For the JNPG stuff, The Sand Slopes was my entry into Perfect Parallel's contest to design a par 3 course in 2018. It is fictional and I did it on a part of the Sand Valley land that was not used at the time. Most of it actually ended up being where Tom Doak's Sedge Valley course will go which starts construction next year. I had very little time to complete it (like 3 weeks) as I found out about the contest late and had never used Course Forge or Unity before so considering that, it turned out pretty good but I would have done some things different if I had more time. It ended up scoring high enough to get a small cash prize but towards the bottom of those that did. Because of that I had to wait until Mike Jones gave me the OK to actually release it to the public. I guess it was exclusive on TrackMan's simulator for awhile.

After that I started working on Pine Hills Golf Club, a real course in Sheboygan, WI, for JNPG. I would say that's kind of dead in the water now as I haven't touched it in a very long time and the hard drive I had Unity installed on died. I still have all the course files backed up but I don't even have Unity installed anywhere at the moment.
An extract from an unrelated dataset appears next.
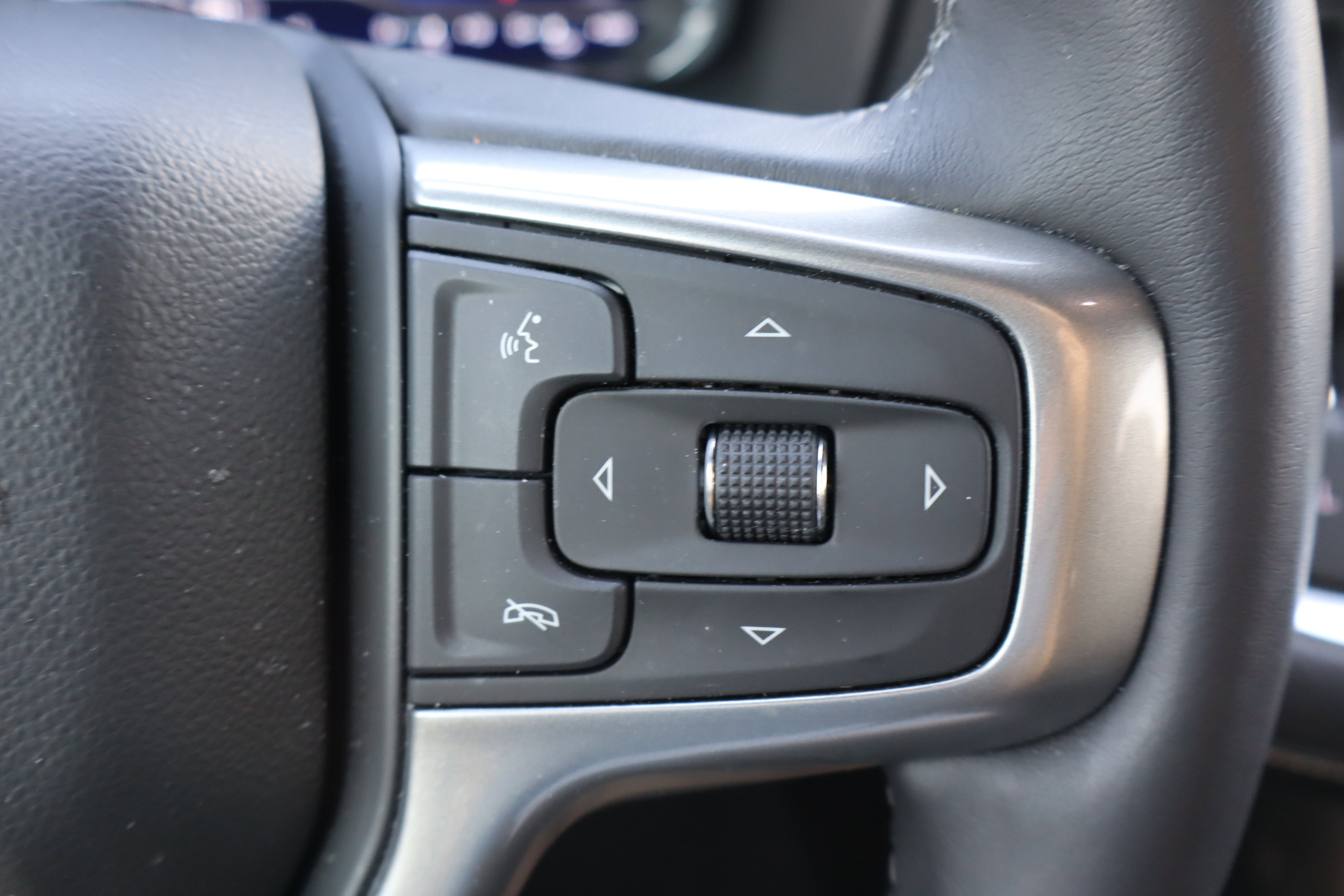 Certified 2024 Chevrolet Suburban Premier w/ Advanced Technology Package image 24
The course is actually playable...LiDAR imported, all golf lines are drawn in and water and trees were placed, not carefully to match the course exactly, but close enough to make the course work. It's all of the fine detail work to make it look good that never got done. If somebody wanted to take this over and finish it, I'd happily let them, but I don't think there's too many people left over there now.

For work now, Tom Doak offered me the incredible opportunity to do an internship with him over the winter. In the first week in the office at Traverse City I got to help him work on a routing for a potential client, then we took a trip to Florida and Texas were I got to see how he works on the road and interacts with clients, see and play some great golf courses, and meet some interesting people. I think the three things he's most interested in from me are my ability to create Topo maps from LiDAR, what I can do shaping holes in the computer that could then be copied to the ground with GPS dozers (as we did at Lido, though Peter Flory did most of that shaping) and in visuals to show clients what a course could look like, and that clients could use to sell the course concept to investors, members, customers, etc.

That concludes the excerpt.